Rzeczy do prania po jednym użyciu:
– szmatka, gąbka stosowana w kuchni
– szmatka, gąbka stosowana w łazience
– szmatka, gąbka po sprzątaniu
– strój do ćwiczeń fizycznych
Rzeczy do prania po jednym dniu użytkowania:
– bielizna osobista (znaczy majtki i skarpetki)
– podkoszulka, koszulka, bluzka – czy co tam kto założył bezpośrednio na ciało (po całym dniu noszenia następnego dnia ta rzecz może już nieładnie pachnieć)

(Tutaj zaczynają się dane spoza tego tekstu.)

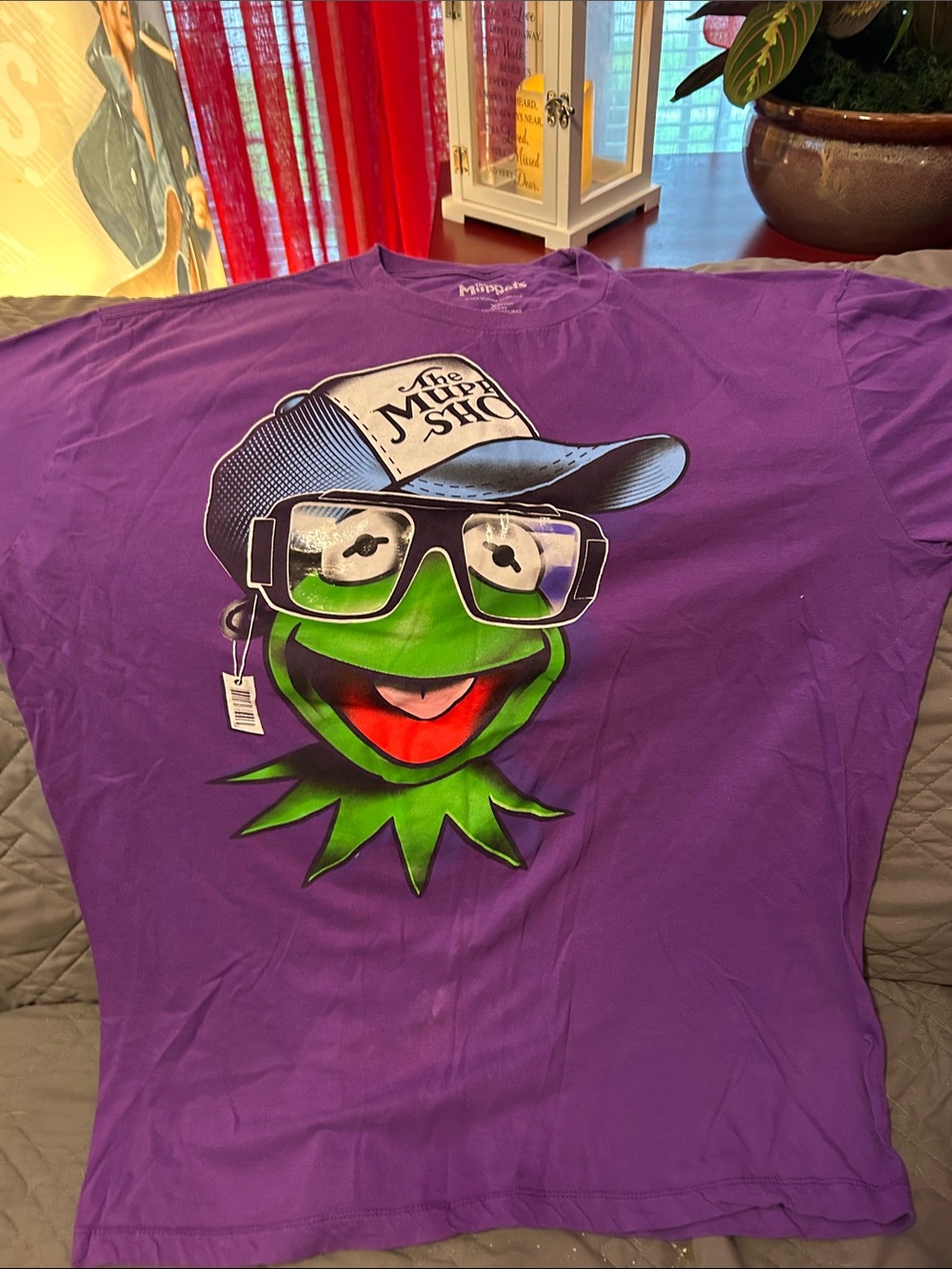 The Muppet Shop Men's Purple Kermit Graphic Tee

Rzeczy do prania po tygodniu użytkowania:
– ręczniki
– szmatki do wycierania naczyń
– obrus kuchenny
– łazienkowy dywanik
– bluza, spodnie, sweter
– piżama
Rzeczy do prania po miesiącu użytkowania:
– pościel
– pralka – też jej się należy konkretne pranie 😉
Rzeczy do prania po (a właściwie przed) sezonem użytkowania:
– kurtki, płaszcze
– czapki, rękawiczki, szaliki
– trampki, baleriny, adidasy
Rzeczy do prania po pół roku użytkowania:
– firanki, zasłonki
– wielorazowe torby na zakupy
Rzeczy do prania po roku użytkowania:
– kołdra, koce, poduszki
– dywan
– obicia tapicerki foteli, kanapy, puf
Jak zwykle rzecz biorąc, to jest MÓJ harmonogram przeznaczania rzeczy do prania. Wszystko jest jednak orientacyjne, bo jeśli czuję potrzebę wyprać coś wcześniej – piorę. A u Was jak przedstawia się ten proceder?